"Mmmh…Finny," I gave a long moan, coarse sand grating at the back of my throat. "Finny?" My fingers tightened around upturned clumps of mud and grass. I gazed through the eerie green haze that filtered through the canopy of leaves reaching out above me. The air, thick with moisture from yesterday's rain now saturated my lungs, weighing down every breath.
I found myself up on the balls of my feet, every part of my war-weary body protesting the action. Every part aching, begging me to just give up, stop trying.
I slowly remembered where I was, that there was no Finny. There was only this small pack of the bare necessities and the few other men left over from my battalion. Where were they?
Just behind me was a thin wall of trees and creepers that offered glimpses of a foot worn path in tiny, secluded pieces, but I didn't want to go. I brought myself back down onto my haunches with a defeated sigh. You could only live on false hope for so long.

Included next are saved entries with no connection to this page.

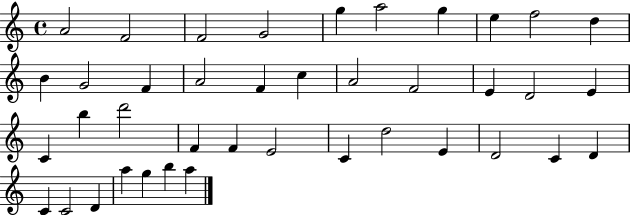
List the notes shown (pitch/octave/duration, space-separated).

A4/h F4/h F4/h G4/h G5/q A5/h G5/q E5/q F5/h D5/q B4/q G4/h F4/q A4/h F4/q C5/q A4/h F4/h E4/q D4/h E4/q C4/q B5/q D6/h F4/q F4/q E4/h C4/q D5/h E4/q D4/h C4/q D4/q C4/q C4/h D4/q A5/q G5/q B5/q A5/q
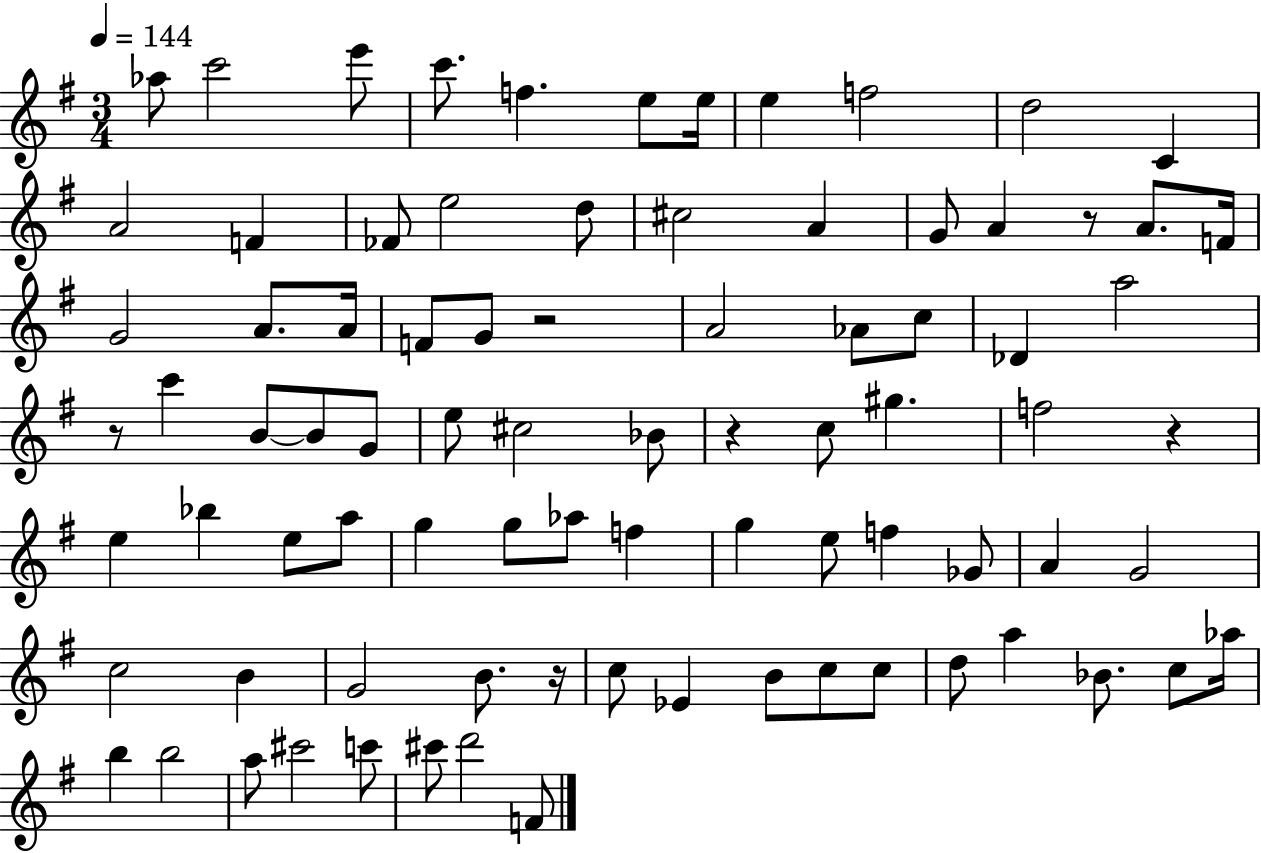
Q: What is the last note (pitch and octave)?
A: F4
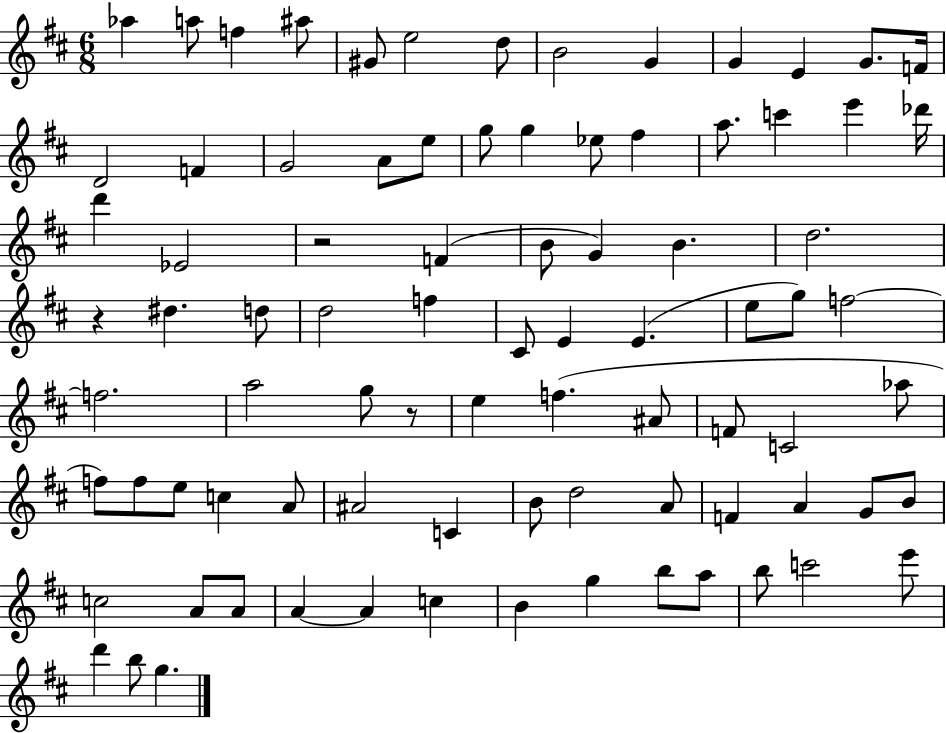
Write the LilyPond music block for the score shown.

{
  \clef treble
  \numericTimeSignature
  \time 6/8
  \key d \major
  aes''4 a''8 f''4 ais''8 | gis'8 e''2 d''8 | b'2 g'4 | g'4 e'4 g'8. f'16 | \break d'2 f'4 | g'2 a'8 e''8 | g''8 g''4 ees''8 fis''4 | a''8. c'''4 e'''4 des'''16 | \break d'''4 ees'2 | r2 f'4( | b'8 g'4) b'4. | d''2. | \break r4 dis''4. d''8 | d''2 f''4 | cis'8 e'4 e'4.( | e''8 g''8) f''2~~ | \break f''2. | a''2 g''8 r8 | e''4 f''4.( ais'8 | f'8 c'2 aes''8 | \break f''8) f''8 e''8 c''4 a'8 | ais'2 c'4 | b'8 d''2 a'8 | f'4 a'4 g'8 b'8 | \break c''2 a'8 a'8 | a'4~~ a'4 c''4 | b'4 g''4 b''8 a''8 | b''8 c'''2 e'''8 | \break d'''4 b''8 g''4. | \bar "|."
}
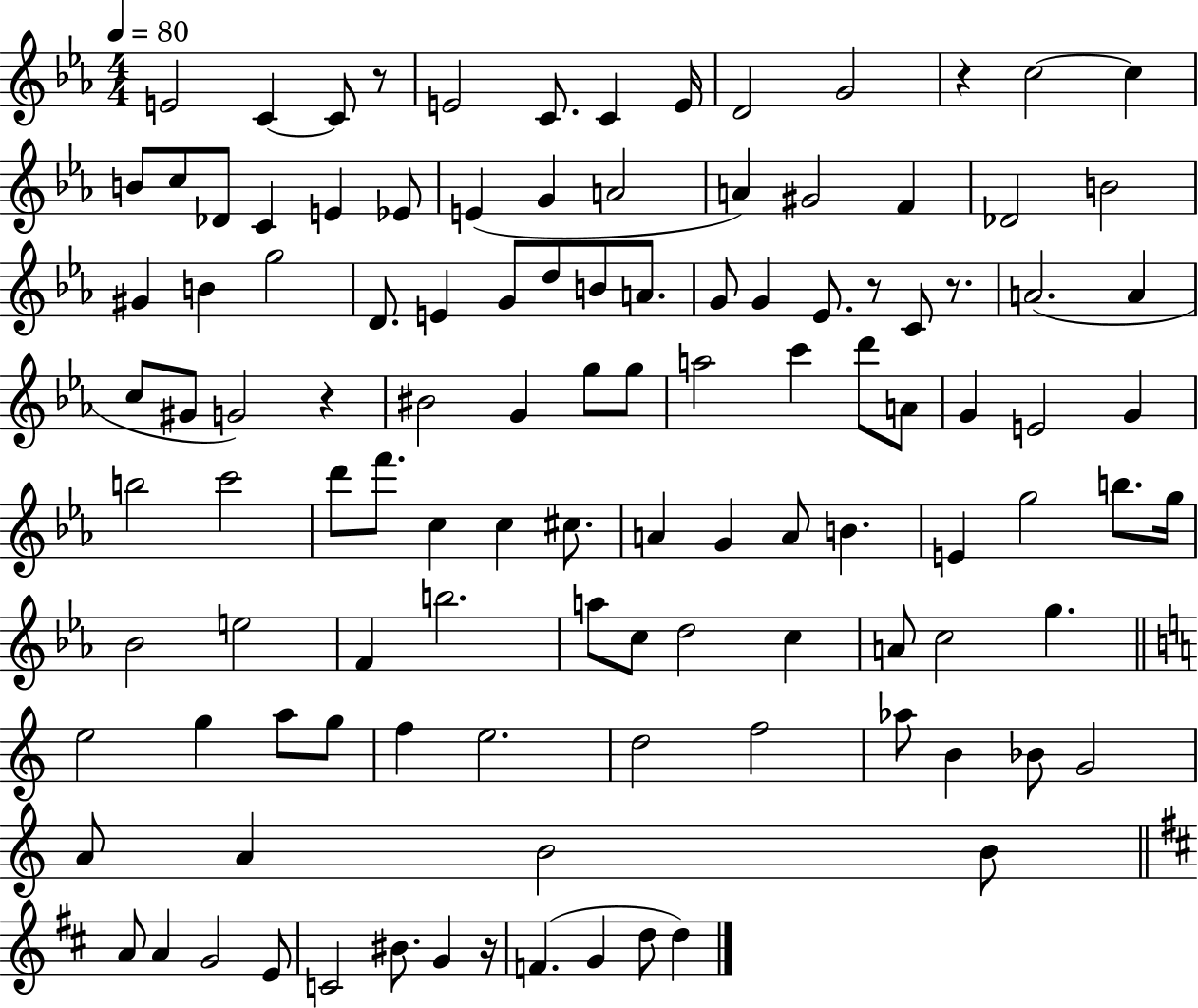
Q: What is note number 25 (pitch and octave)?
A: B4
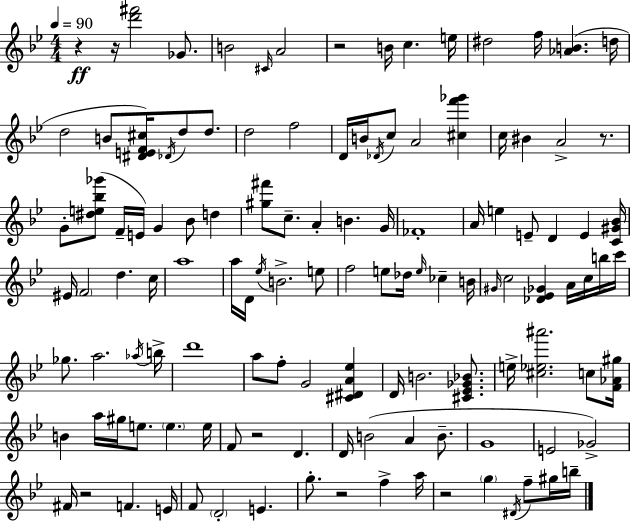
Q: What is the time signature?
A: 4/4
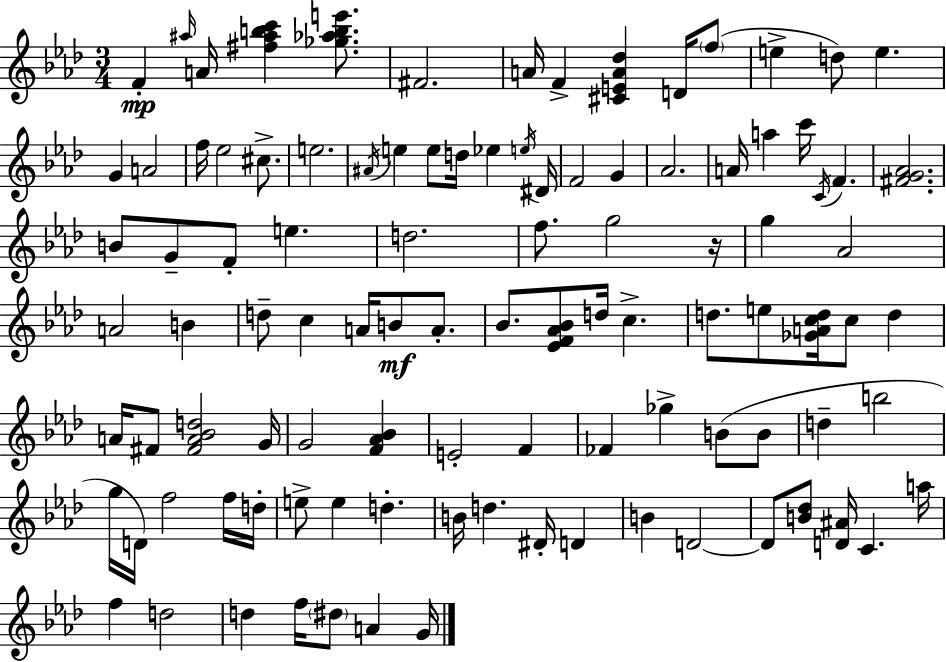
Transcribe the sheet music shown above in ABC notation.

X:1
T:Untitled
M:3/4
L:1/4
K:Fm
F ^a/4 A/4 [^f^abc'] [_g_abe']/2 ^F2 A/4 F [^CEA_d] D/4 f/2 e d/2 e G A2 f/4 _e2 ^c/2 e2 ^A/4 e e/2 d/4 _e e/4 ^D/4 F2 G _A2 A/4 a c'/4 C/4 F [^FG_A]2 B/2 G/2 F/2 e d2 f/2 g2 z/4 g _A2 A2 B d/2 c A/4 B/2 A/2 _B/2 [_EF_A_B]/2 d/4 c d/2 e/2 [_GAcd]/4 c/2 d A/4 ^F/2 [^FA_Bd]2 G/4 G2 [F_A_B] E2 F _F _g B/2 B/2 d b2 g/4 D/4 f2 f/4 d/4 e/2 e d B/4 d ^D/4 D B D2 D/2 [B_d]/2 [D^A]/4 C a/4 f d2 d f/4 ^d/2 A G/4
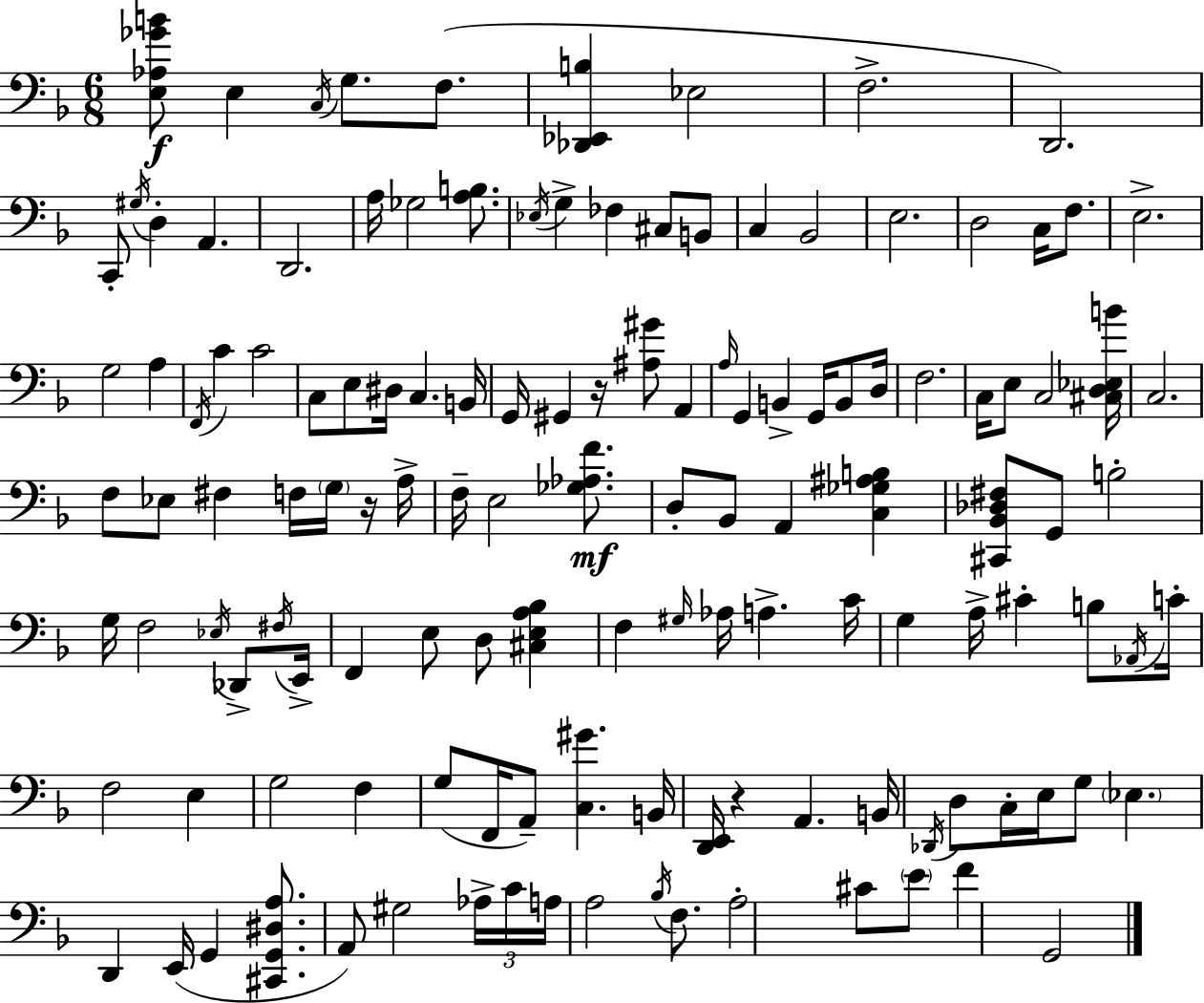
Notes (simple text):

[E3,Ab3,Gb4,B4]/e E3/q C3/s G3/e. F3/e. [Db2,Eb2,B3]/q Eb3/h F3/h. D2/h. C2/e G#3/s D3/q A2/q. D2/h. A3/s Gb3/h [A3,B3]/e. Eb3/s G3/q FES3/q C#3/e B2/e C3/q Bb2/h E3/h. D3/h C3/s F3/e. E3/h. G3/h A3/q F2/s C4/q C4/h C3/e E3/e D#3/s C3/q. B2/s G2/s G#2/q R/s [A#3,G#4]/e A2/q A3/s G2/q B2/q G2/s B2/e D3/s F3/h. C3/s E3/e C3/h [C#3,D3,Eb3,B4]/s C3/h. F3/e Eb3/e F#3/q F3/s G3/s R/s A3/s F3/s E3/h [Gb3,Ab3,F4]/e. D3/e Bb2/e A2/q [C3,Gb3,A#3,B3]/q [C#2,Bb2,Db3,F#3]/e G2/e B3/h G3/s F3/h Eb3/s Db2/e F#3/s E2/s F2/q E3/e D3/e [C#3,E3,A3,Bb3]/q F3/q G#3/s Ab3/s A3/q. C4/s G3/q A3/s C#4/q B3/e Ab2/s C4/s F3/h E3/q G3/h F3/q G3/e F2/s A2/e [C3,G#4]/q. B2/s [D2,E2]/s R/q A2/q. B2/s Db2/s D3/e C3/s E3/s G3/e Eb3/q. D2/q E2/s G2/q [C#2,G2,D#3,A3]/e. A2/e G#3/h Ab3/s C4/s A3/s A3/h Bb3/s F3/e. A3/h C#4/e E4/e F4/q G2/h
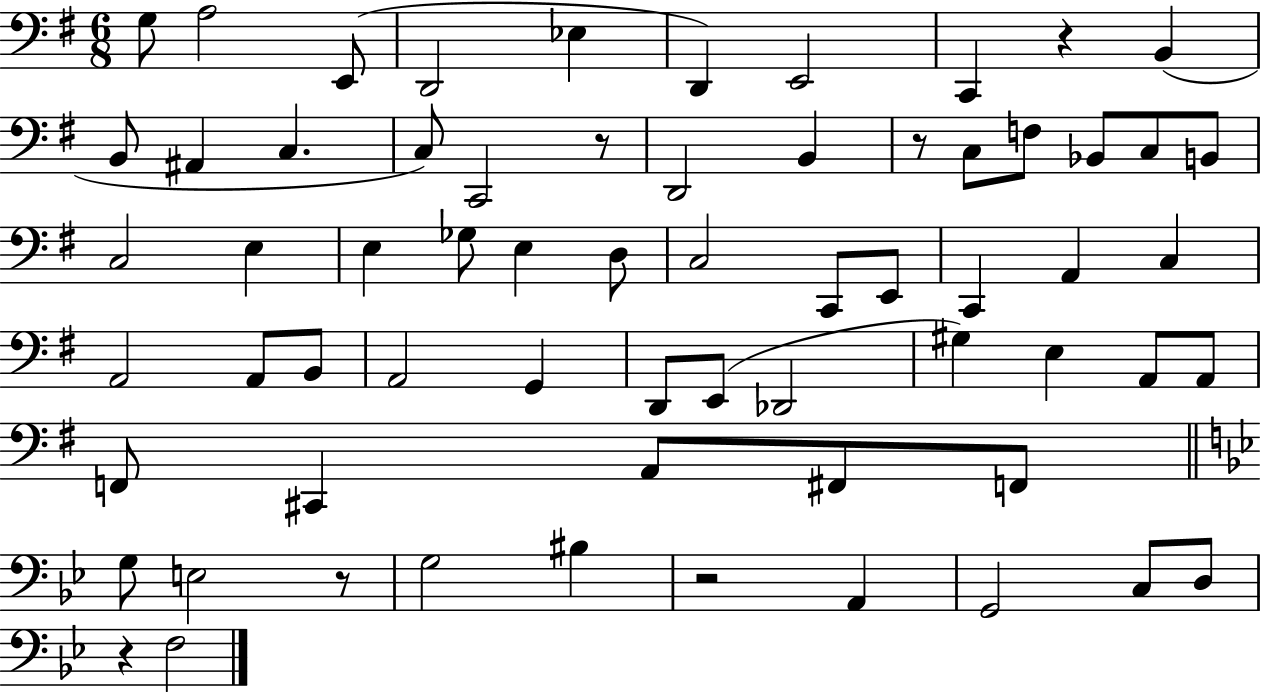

My hand rummaged around inside the breast of my mud stained coat, pulling out a thin bundle of letters from home, and plucked one out from the middle. It was falling apart at the creases, edges nearly rubbed through. I gazed hungrily at it, waiting to be reminded of the courage that had brought me here in the first place, but the words were rubbed too deeply into the parchment, disappearing into pale, grey smudges. I grabbed another, but here the words were long black tears dragged down by the moisture of my own eyes.
What could I possibly manage without those words? From my mother, father…Finny? What did I have to fight for now? What did I have? I touched the crumbling pages again, pressed them to my nose, but the smell of home was gone: washed away by rain and tears.
I stared at the inside of my lids, the only thing familiar in this horribly confusing place. I wanted a pair of arms to remind me that I wasn't alone, a warm voice to fight this chill that threatened its way up my spine. But all I had was me, and my own arms were too tired to move, voice too weak to rise above a whisper. That is what I had left.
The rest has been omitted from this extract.